Dr. Noah Perlut Courtesy image

The organization ecomaine, a ingle-sort recycling and sustainable waste management firm, has announced its winners for the 2023 eco-Excellence Awards. Dr. Noah Perlut was among the winners for his work in Scarborough.

“Every year, it is inspiring to see the leadership and dedication of these Mainers committed to making Maine a more sustainable place to live, work, and play,” said Caleb Hemphill, chair of ecomaine’s Outreach and Recycling Committee. “ecomaine is proud to recognize these outstanding efforts.”

Perlut is a professor at the University of New England in Biddeford and is the assistant academic professor of UNE’s School of Marine and Environmental Programs. Perlut was on Scarborough’s Conservation Commission for years and is still on the Land Bond Board. He recently joined the Scarborough Planning Board.

“I’m really honored by this in so many ways,” said Perlut. “I was not aware of this nomination and it’s incredibly thoughtful of the folks at the town office to think of me and nominate me for this award.”

“A bunch of different things are coming together,” Perlut said. “One, my desire to support and serve the community and give back to the community of Scarborough. Two, my professional experience working in environmental science and sustainability at the University of New England. And, three, being a citizen who loves the town and loves being outside in Scarborough. So that’s what has motivated my interest in being part of these different kind of public services.”

Perlut has worked to achieve more land conservation in Scarborough.


“A couple of things that I have really focused on in all of my endeavors here is — one — get the town to really think about conserving more land,” Perlut said. “Scarborough is developing rapidly, there’s a lot of excitement and cool projects going on, changing the character of the town. And doing that, really trying to encourage the town to do that while thinking of really long-term conservation and keeping open lands open.”

Perlut has discussed the 30 by 30 initiative to conserve 30 percent of the country’s land by 2030, with efforts happening on the local level. Scarborough is about 16 percent conserved, Perlut said, with about another 8,000 acres still needed to be conserved over the next seven years.

Perlut noted that the goal has gained a lot of traction with the work from the Conservation Commission, and that the town council has embodied the goal.

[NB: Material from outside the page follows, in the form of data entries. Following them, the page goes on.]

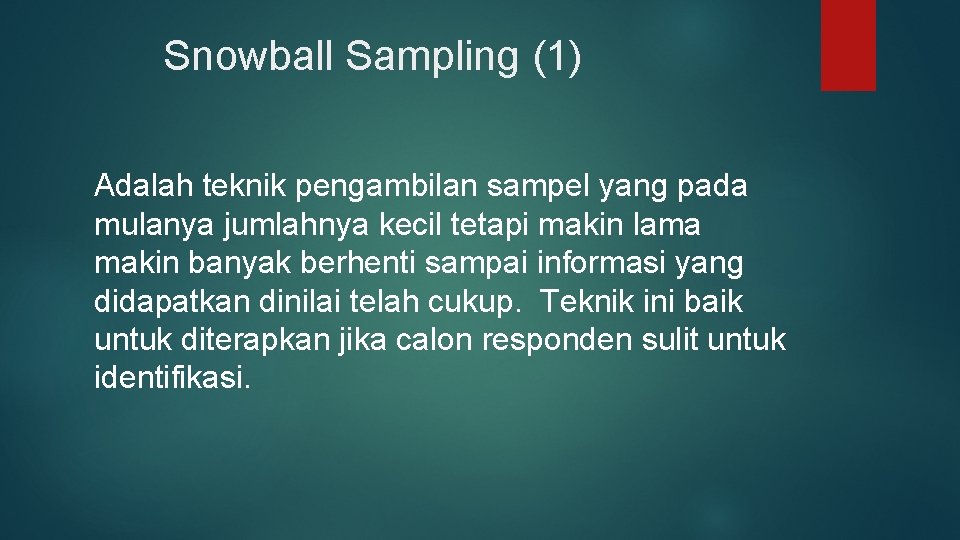 Snowball Sampling (1) Adalah teknik pengambilan sampel yang pada mulanya jumlahnya kecil tetapi makin
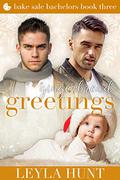Gingerbread Greetings (Bake Sale Bachelors #3) by Leyla Hunt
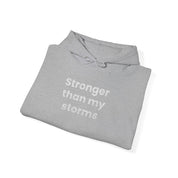 Stronger Than my Storms! Hooded Sweatshirt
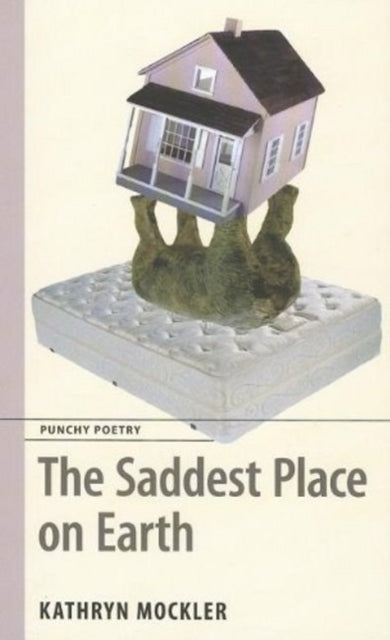 Book cover of: Saddest Place on Earth. By: Kathryn Mockler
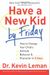 Have A New Kid By Friday: How To Change Your Child's Attitude, Behavior & Character In 5 Days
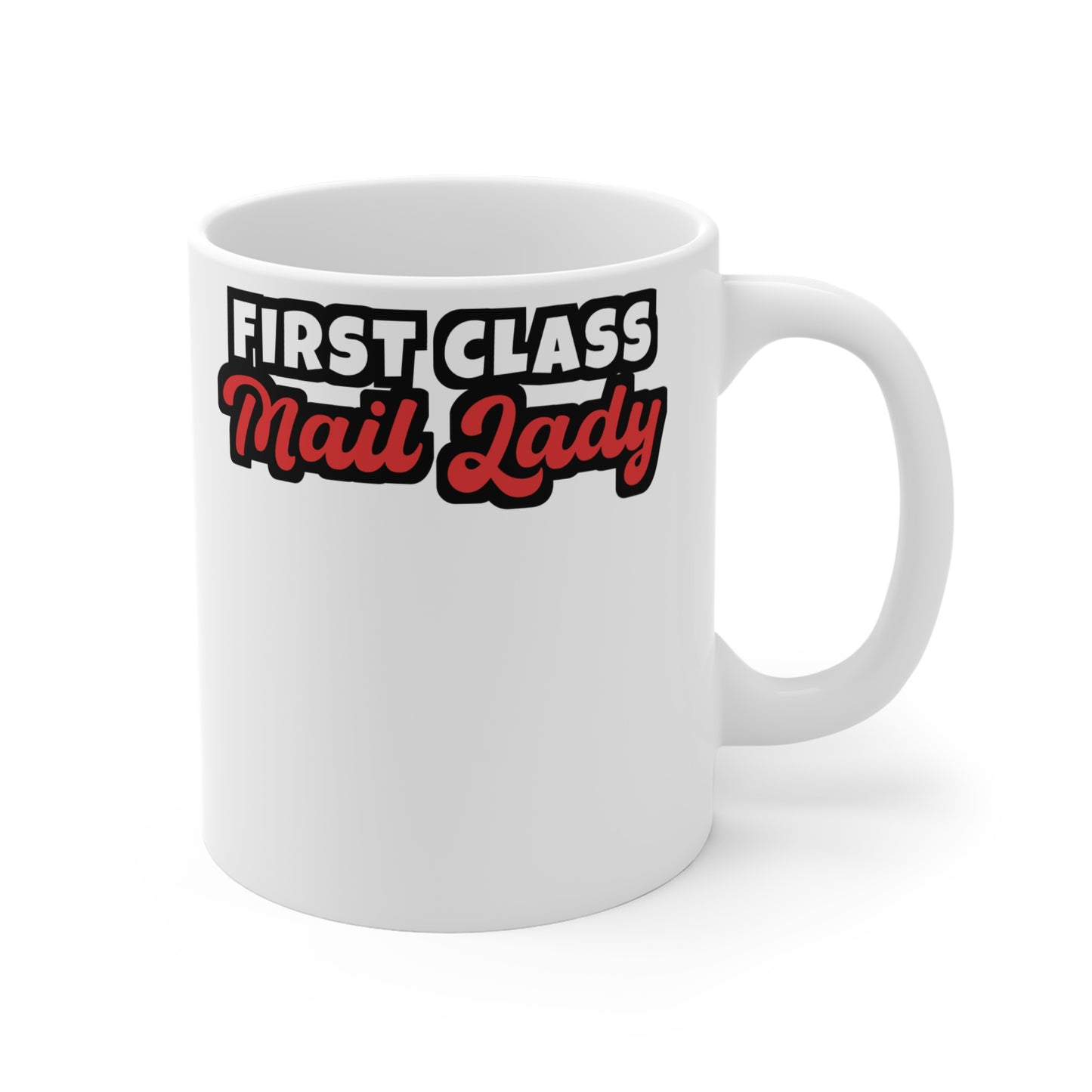 First Class Mail Lady - Postal worker Mug for Coffee 11oz. Postal worker Cup, White ceramic, Funny postal worker Mug - Postal worker Gift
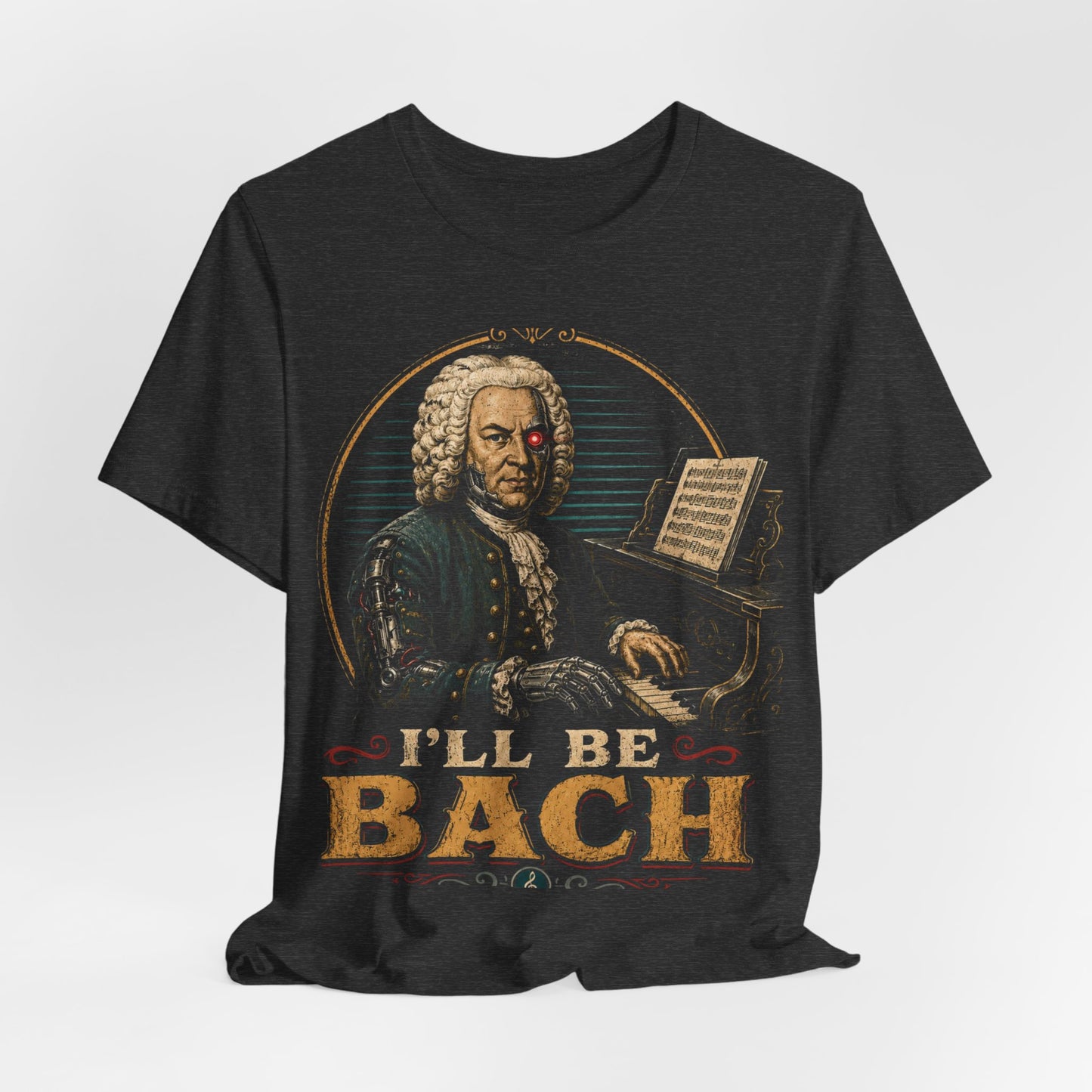 I'll Be Bach — Classic Composer Joke Tee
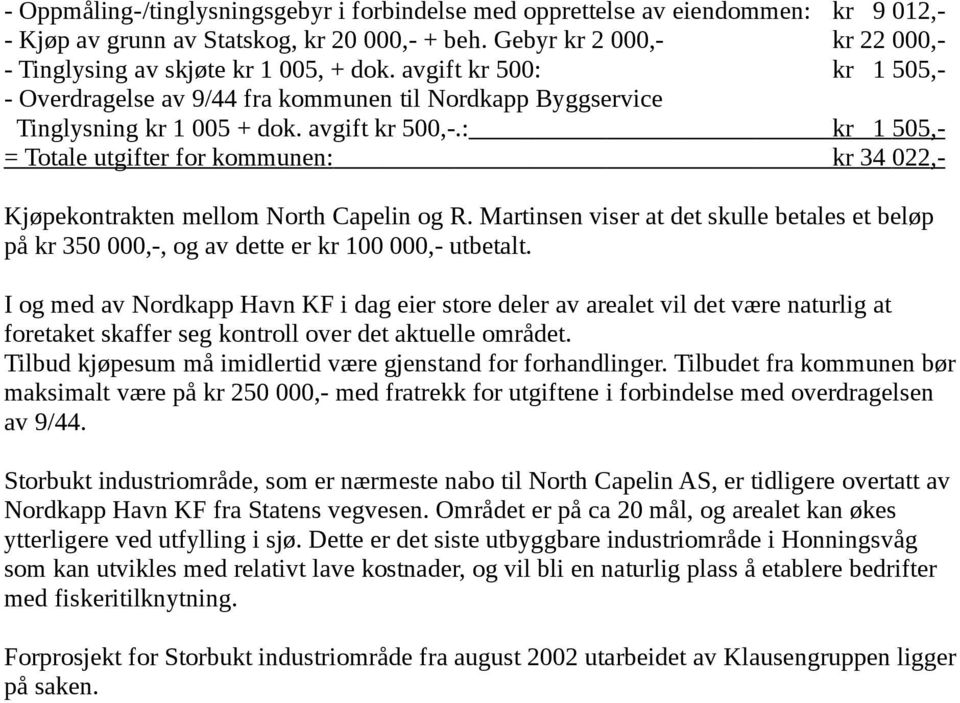 : kr 1 505,- = Totale utgifter for kommunen: kr 34 022,- Kjøpekontrakten mellom North Capelin og R.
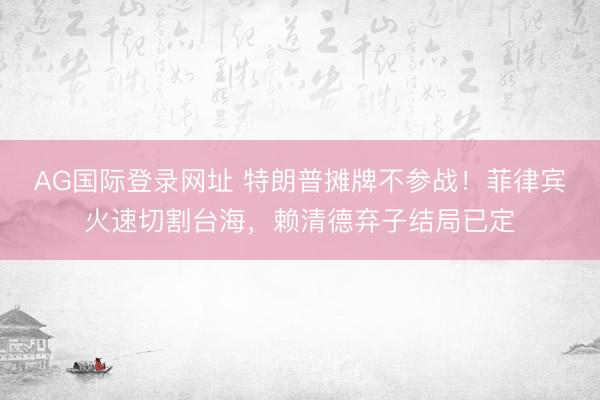 AG国际登录网址 特朗普摊牌不参战！菲律宾火速切割台海，赖清德弃子结局已定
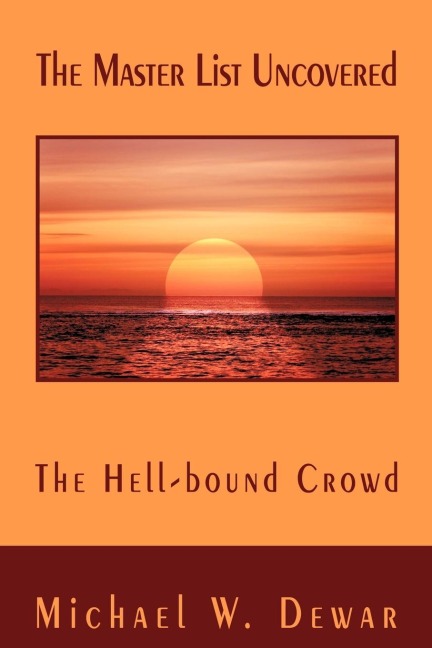 The Master List Uncovered: The Hell-bound Crowd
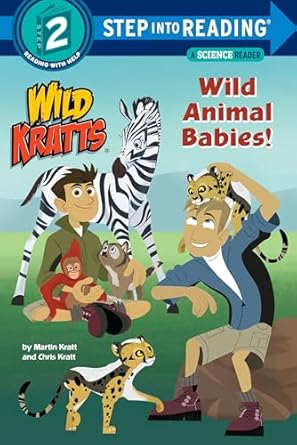 wild animal babies 1st edition chris kratt ,martin kratt 110193171x, 978-1101931714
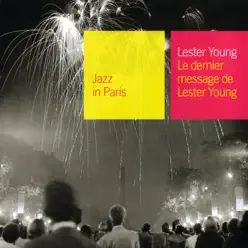 Jazz In Paris: Le dernier message de Lester Young - Lester Young Jazz In Paris: Le dernier message de Lester Young - Lester Young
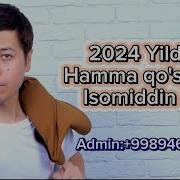 Isomiddin Nur 2024 Yildagi Hamma Qushiqlar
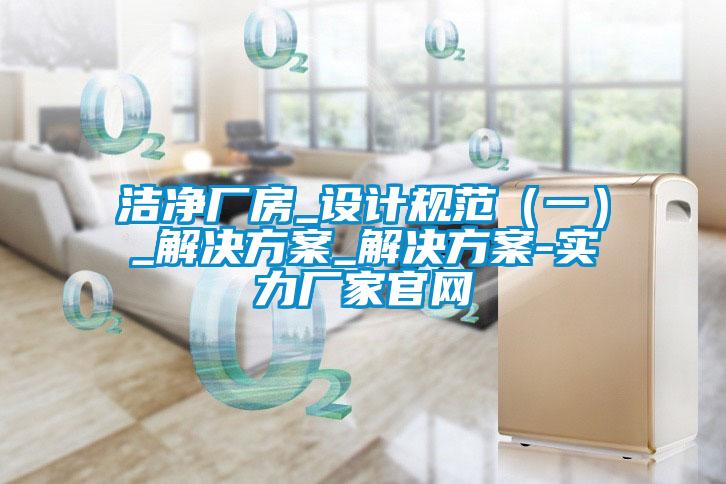 潔淨廠房_設計規範（一）_解決免费看片下载_解決免费看片下载-實力廠家官網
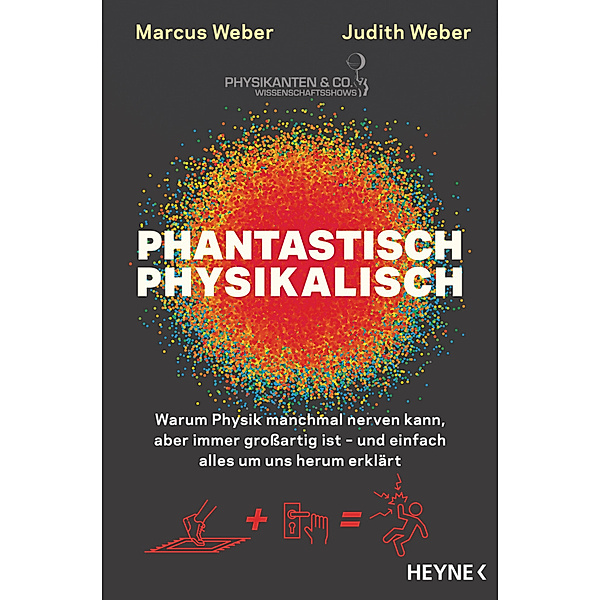 Phantastisch physikalisch, Marcus Weber, Judith Weber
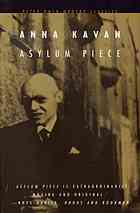 Asylum Piece And Other Stories Anna Kavan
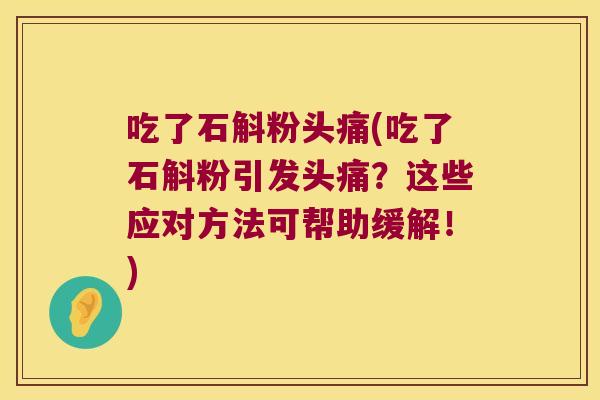 吃了石斛粉头痛(吃了石斛粉引发头痛？这些应对方法可帮助缓解！)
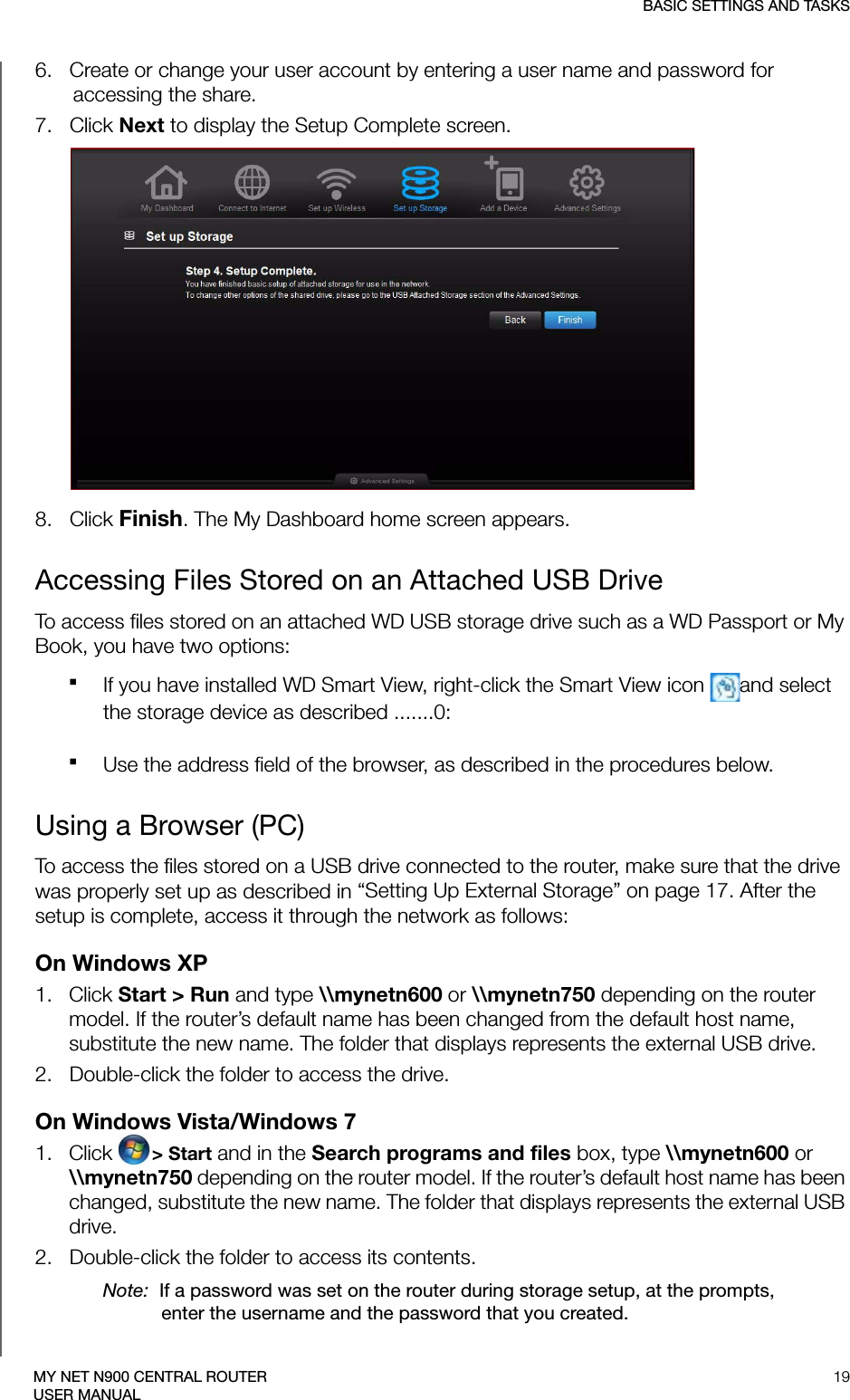 BASIC SETTINGS AND TASKS19MY NET N900 CENTRAL ROUTERUSER MANUAL6.   Create or change your user account by entering a user name and password for accessing the share.7.   Click Next to display the Setup Complete screen. 8.   Click Finish. The My Dashboard home screen appears.Accessing Files Stored on an Attached USB DriveTo access files stored on an attached WD USB storage drive such as a WD Passport or My Book, you have two options:If you have installed WD Smart View, right-click the Smart View icon  and select the storage device as described .......0: Use the address field of the browser, as described in the procedures below.Using a Browser (PC)To access the files stored on a USB drive connected to the router, make sure that the drive was properly set up as described in “Setting Up External Storage” on page 17. After the setup is complete, access it through the network as follows:On Windows XP1.   Click Start &gt; Run and type \\mynetn600 or \\mynetn750 depending on the router model. If the router’s default name has been changed from the default host name, substitute the new name. The folder that displays represents the external USB drive.2.   Double-click the folder to access the drive.On Windows Vista/Windows 71.   Click  &gt; Start and in the Search programs and files box, type \\mynetn600 or \\mynetn750 depending on the router model. If the router’s default host name has been changed, substitute the new name. The folder that displays represents the external USB drive. 2.   Double-click the folder to access its contents.Note:  If a password was set on the router during storage setup, at the prompts, enter the username and the password that you created.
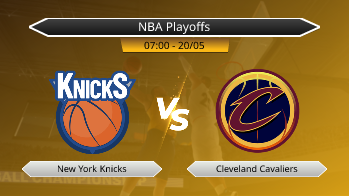 NBA Playoffs New York Knicks VS Cleveland Cavaliers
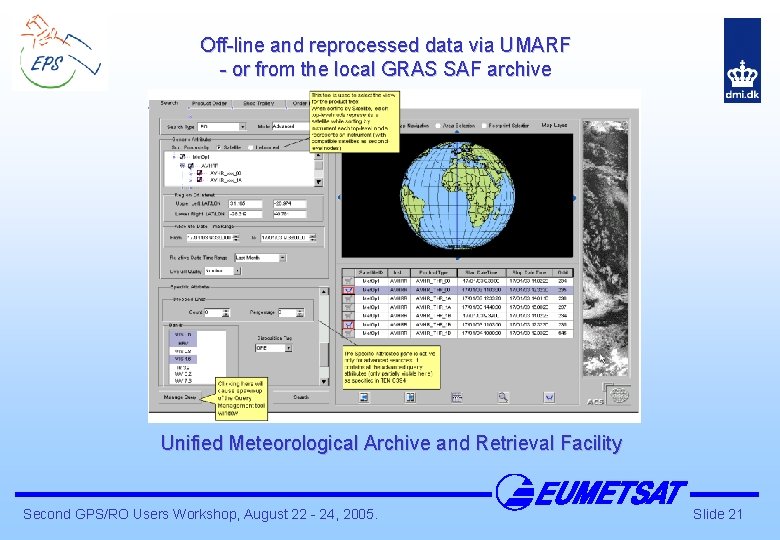 Off-line and reprocessed data via UMARF - or from the local GRAS SAF archive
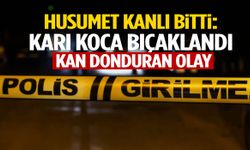 Husumet kanlı bitti: Karı koca bıçaklandı!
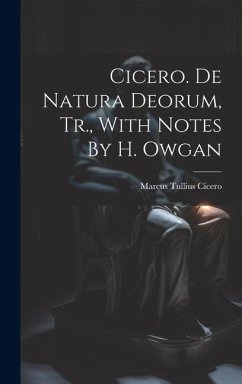 Cicero. De Natura Deorum, Tr., With Notes By H. Owgan - Cicero, Marcus Tullius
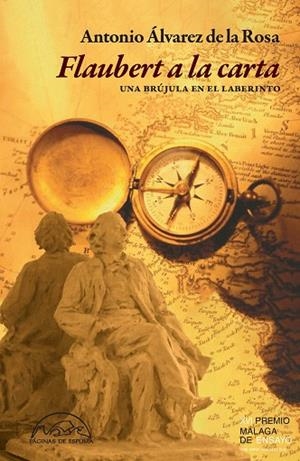 FLAUBERT A LA CARTA | 9788483933640 | ÁLVAREZ DE LA ROSA, ANTONIO | Llibreria Drac - Llibreria d'Olot | Comprar llibres en català i castellà online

The Eastern Trail has been another major focus for Perlut. “I have a research project from the University of New England where I’ve been looking at the wildlife community in the section of the Eastern Trail that’s about to be built, the gap section.”

An off-road, 1.6-mile expansion to the Eastern Trail is planned, connecting Scarborough and South Portland.

“I’ve been studying that area for the last four years or so. I’m incredibly excited about it,” Perlut said. “And I wanted to look at how the wildlife is going to change, if at all, and how the trail is going to affect wildlife there.”


Another priority for Perlut is creating local infrastructure that supports the use of the Eastern Trail.

“I use the Eastern Trail all the time and I think it’s an unbelievable resource to our town. Just an incredible, incredible resource that we are so lucky to have,” Perlut said. “I want to continue to strengthen it and support the strengthening of it, and continue to make it easier for people to access it from many different parts. From their neighborhoods or from different areas around different boundaries of it … not only having to drive to it and get out at the parking lot. And that takes a lot of foresight from the town. How do we enable people safe ways to bike or walk or run from their neighborhoods onto this trail system and back to their homes or back to their works… how do we build this infrastructure?”

Perlut encourages infrastructure that is conducive to walking and biking. “It’s fun and healthy and saves carbon,” he said.

Perlut used The Downs as an example for the work needed in Scarborough.

“It’s such an exciting time and I really, really want places like The Downs, to push them harder, frankly, to think about ‘OK, what’s the connection for us?’ People are going to be coming to The Downs to work, to live … How do they recreate? Can they work? Can they live in South Portland and bike to The Downs to work?”

In the midst of a time of development for Scarborough, infrastructure planning needs to happen now. “Right now is the time,” Perlut said. “If we don’t do it now, it’s just not going to happen.”